● Assigned task
Your task is to output the listing exactly, leaving every image out.

● Source material
· · · · ·
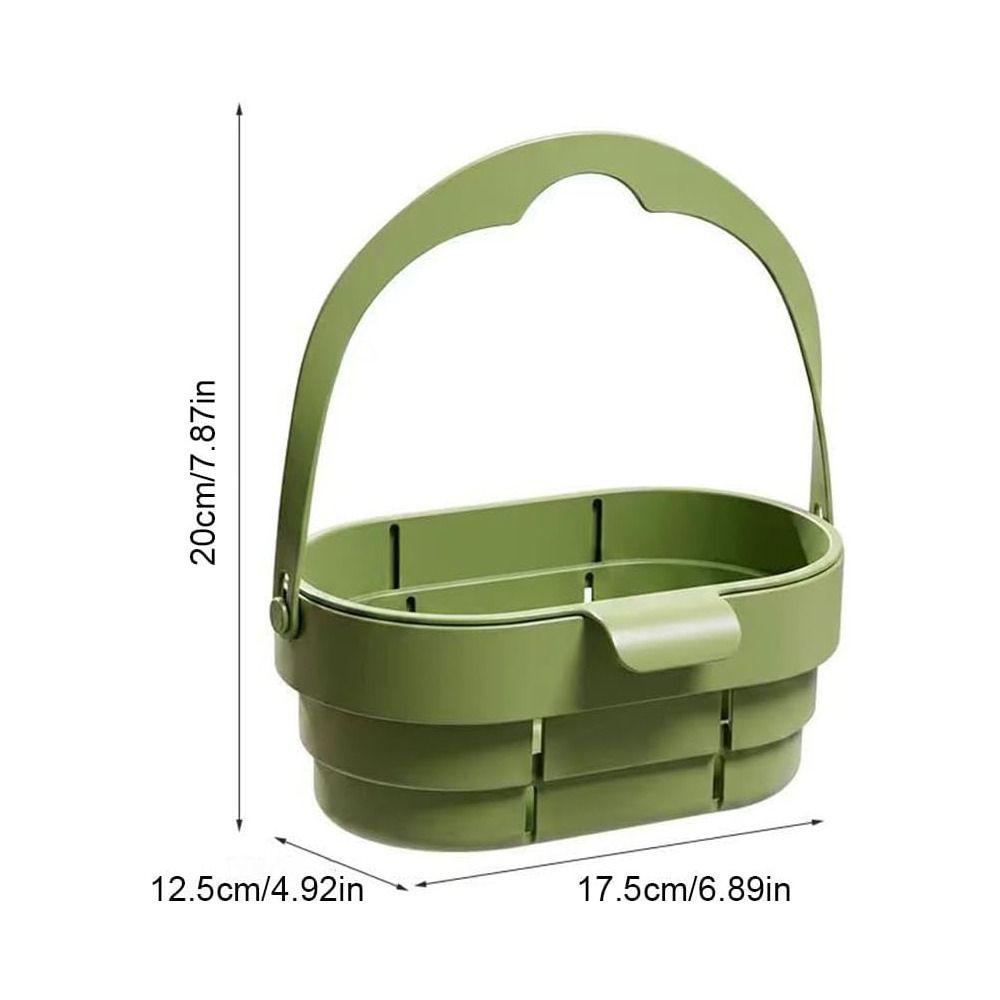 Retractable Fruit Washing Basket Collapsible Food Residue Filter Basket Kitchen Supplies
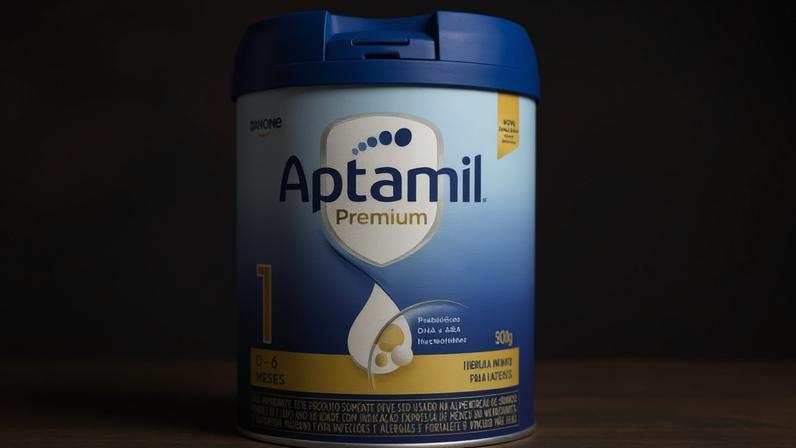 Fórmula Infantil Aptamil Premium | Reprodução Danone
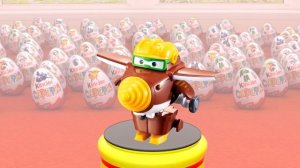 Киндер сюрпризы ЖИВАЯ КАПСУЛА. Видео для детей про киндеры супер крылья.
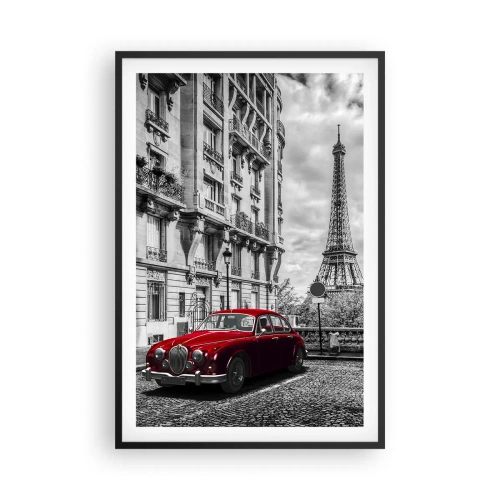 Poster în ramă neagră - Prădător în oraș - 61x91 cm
· · · · ·
● Answer to this exercise
 Retractable Fruit Washing Basket Collapsible Food Residue Filter Basket Kitchen Supplies
 Fórmula Infantil Aptamil Premium | Reprodução Danone
 Киндер сюрпризы ЖИВАЯ КАПСУЛА. Видео для детей про киндеры супер крылья.
 Poster în ramă neagră - Prădător în oraș - 61x91 cm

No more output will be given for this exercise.